Die Stuttgarter Oper unter ihrem Noch-Intendanten Klaus Zehelein (sein Nachfolger wird schon ziemlich intelligent und gebildet sein müssen, soll Stuttgarts Oper so bleiben wie sie unter Zehelein geworden ist) hat aus den veränderten Aspekten die Konsequenzen gezogen und sich ein entsprechendes „Studio“ zugelegt, das den Namen „Forum Neues Musiktheater“ erhielt, genauer gesagt jedoch ein Laboratorium sein soll, in dem nicht nur Aufführungen stattfinden, sondern mehr noch Forschungen über ein Musiktheater des 21. Jahrhunderts, deren Ergebnisse dann von Zeit zu Zeit der interessierten Öffentlichkeit präsentiert werden. Für das Projekt wurde auf dem Gelände des Römerkastells in Bad Cannstatt ein quaderförmiger, holzverschalter Theaterbau erstellt, dessen Inneres sich zunächst als „leerer Raum“ à la Peter Brook darstellt, nur mit den notwendigen technischen Installationen bestückt. Komponisten, Medienkünstler, Filmemacher, Regisseure und kreative Techniker werden hier über künftiges Musik-Theater nachdenken, über Formen und Inhalte, über die Einbeziehung neuer Medien, über variable Raum-Konzeptionen und so fort.

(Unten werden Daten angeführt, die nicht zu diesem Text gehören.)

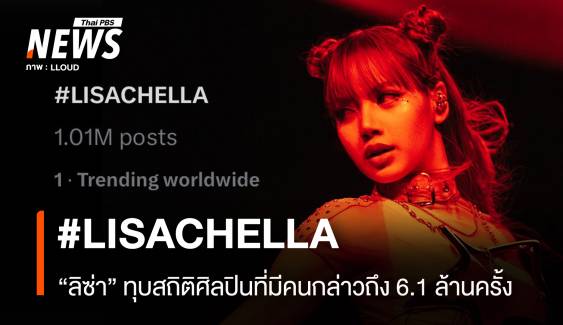 "ลิซ่า" เขย่า Coachella ทุบสถิติศิลปินที่มีคนกล่าวถึง 6.1 ล้านครั้ง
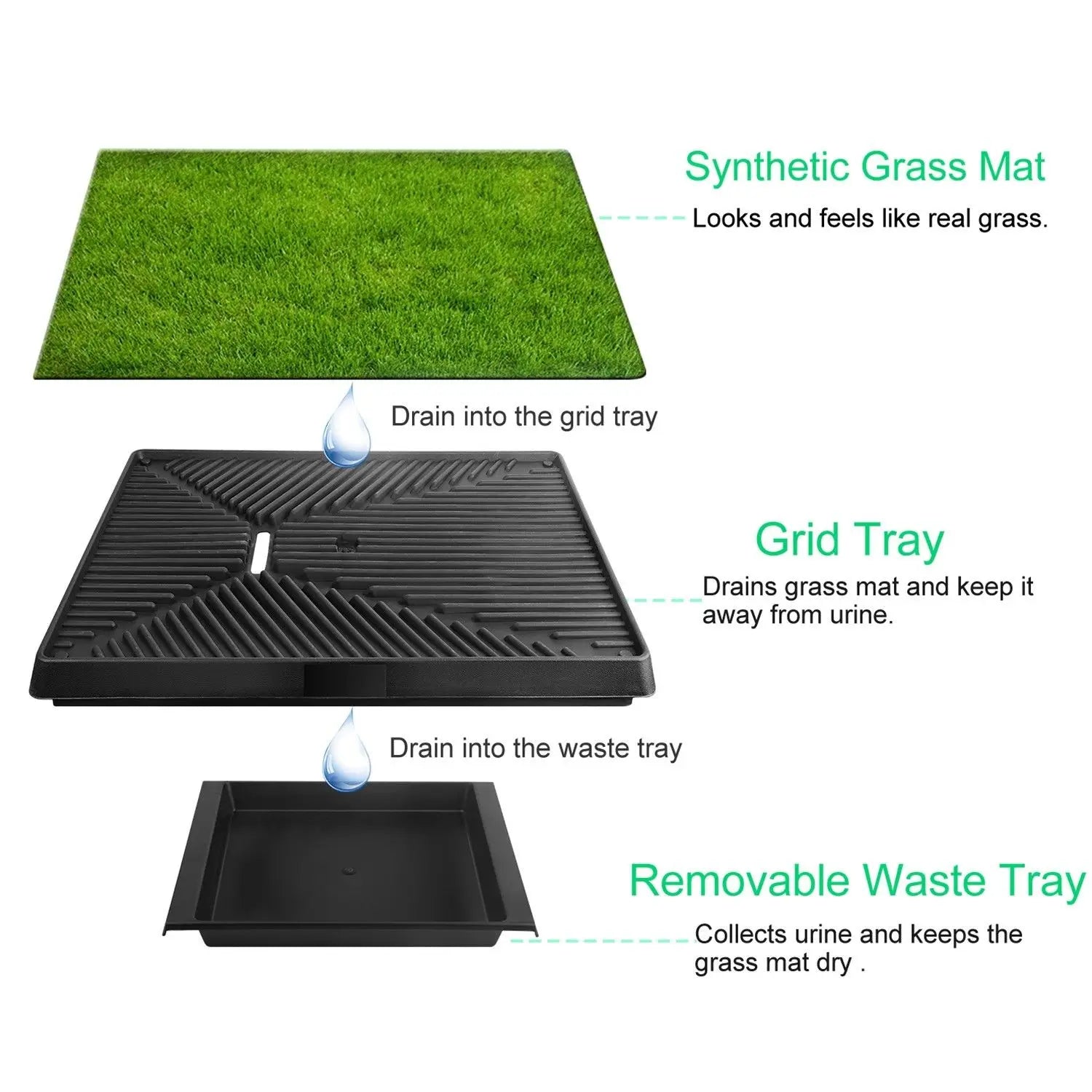 Pet Toilet Litter Box Pad, Potty Training, Synthetic Grass, Mesh Tray for Dogs, Indoor and Outdoor Use, 3 Layers ATHLEXES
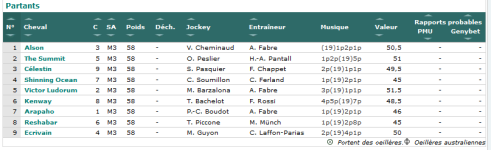 Screenshot_2020-05-31 GENYcourses - PMU, Quinté, Tiercé Résultats et pronostics des courses.png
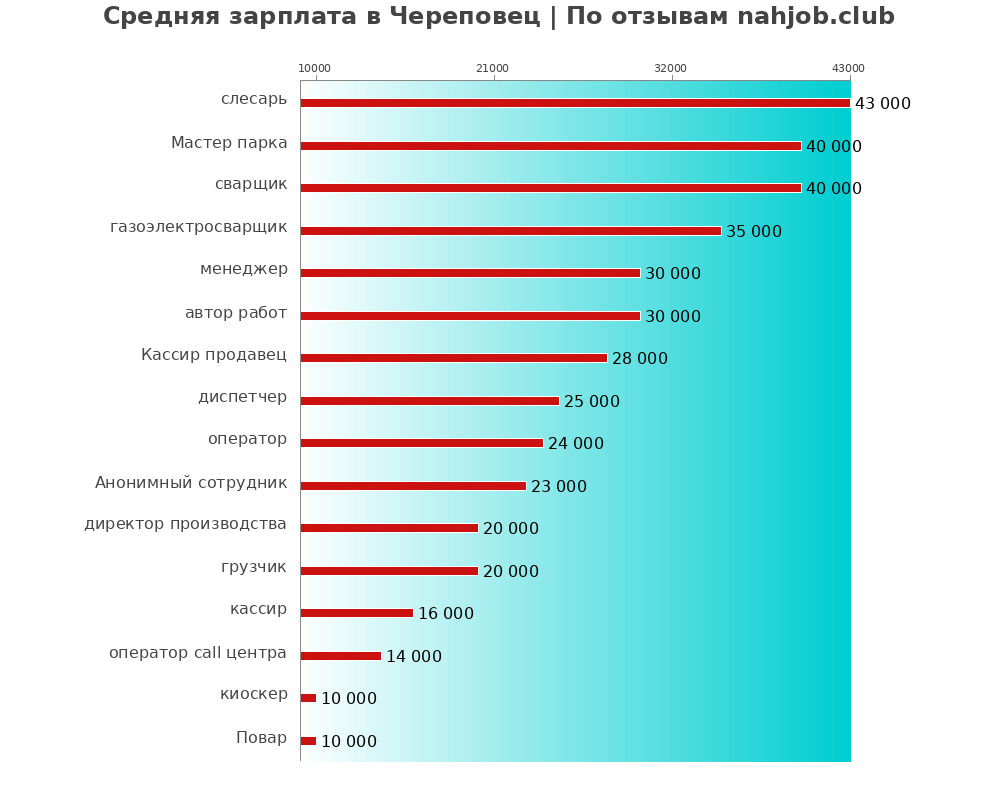 Средний уровень зарплаты в Череповце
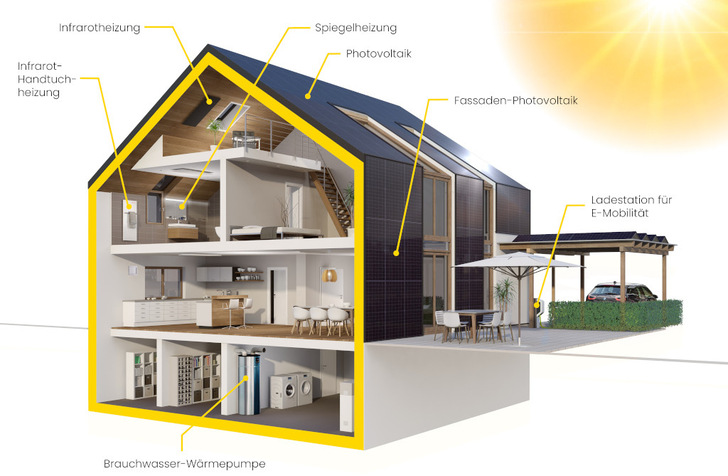 Die solarelektrische Vollversorgung von Gebäuden senkt die Kosten deutlich. - © Elio
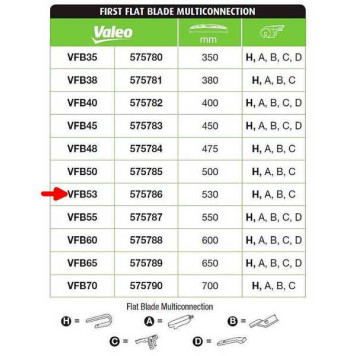 Щетка стеклоочистителя бескаркасная VALEO VFB53 / 575786 530мм универсальное крепление Multiconnection-3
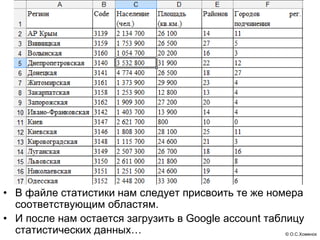 • В файле статистики нам следует присвоить те же номера
  соответствующим областям.
• И после нам остается загрузить в Google account таблицу
  статистических данных…                              © О.С.Хоменок
 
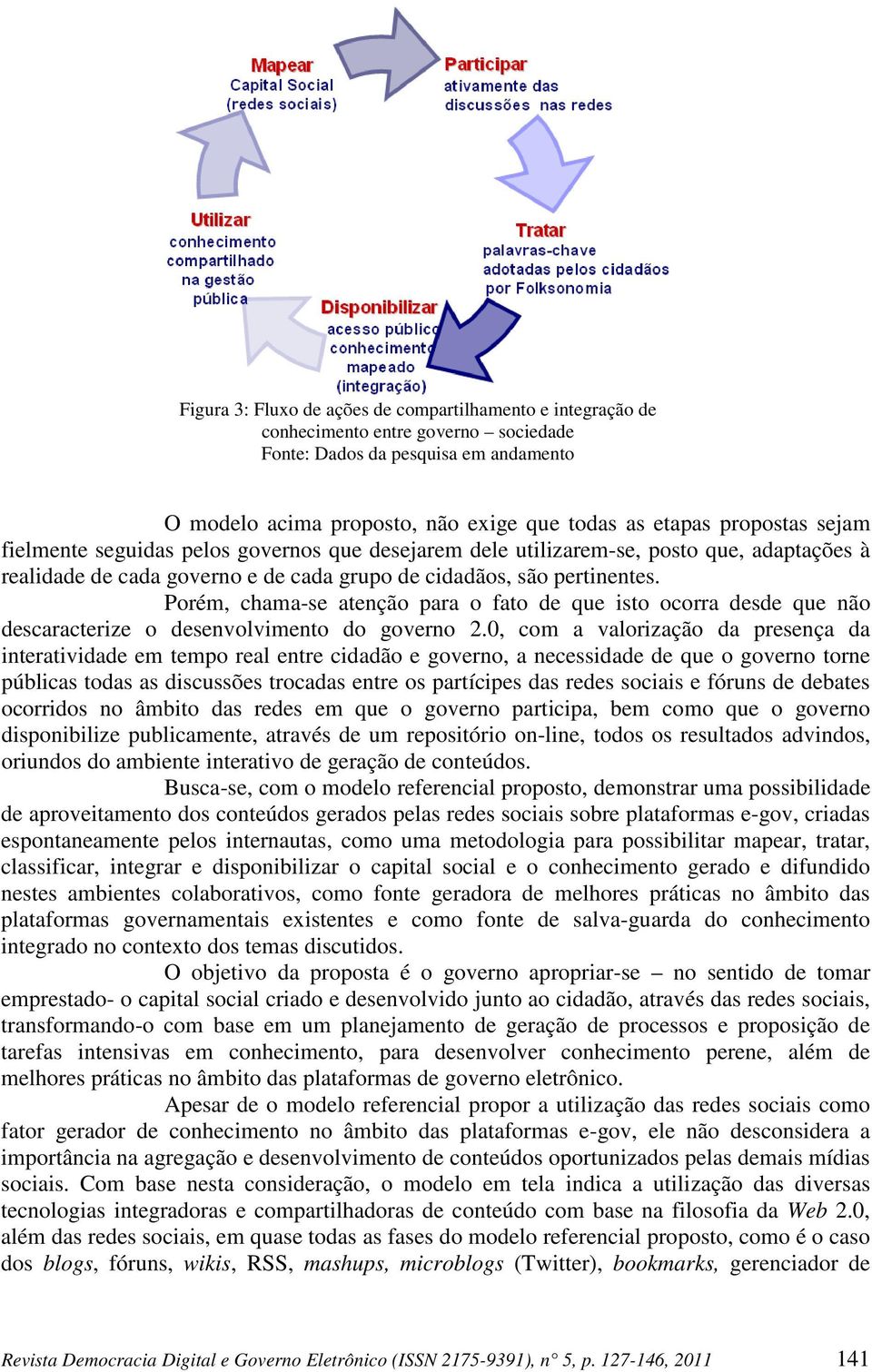 Porém, chama-se atenção para o fato de que isto ocorra desde que não descaracterize o desenvolvimento do governo 2.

Ein erster Versuch zur Eröffnung des „Forums“ war schon zu besichtigen. Andreas Breitscheidt, künstlerischer Mitarbeiter der Stuttgarter Oper und nun auch Leiter des „Forums“, konzipierte ein Musik-Theater auf Heiner Müllers vielschichtigen Text einer „Bildbeschreibung“, den Müller selbst als eine „Übermalung“ der „Alkestis“ bezeichnete, als die Beschreibung einer „Landschaft jenseits des Todes“. Breitscheidts Szenarium für zwei Schauspieler, eine Tänzerin, eine Sängerin und vier Instrumentalisten wirkt wiederum wie eine Übermalung von Müllers Text: Kompositorische Strukturen, Spielaktionen, gesprochene Texte, Vokalisierungen und filmische, zeichenhafte Einblendungen verbinden sich in einer verrätselnden Magie, die enge Koinzidenzen zum Müller-Text herstellt.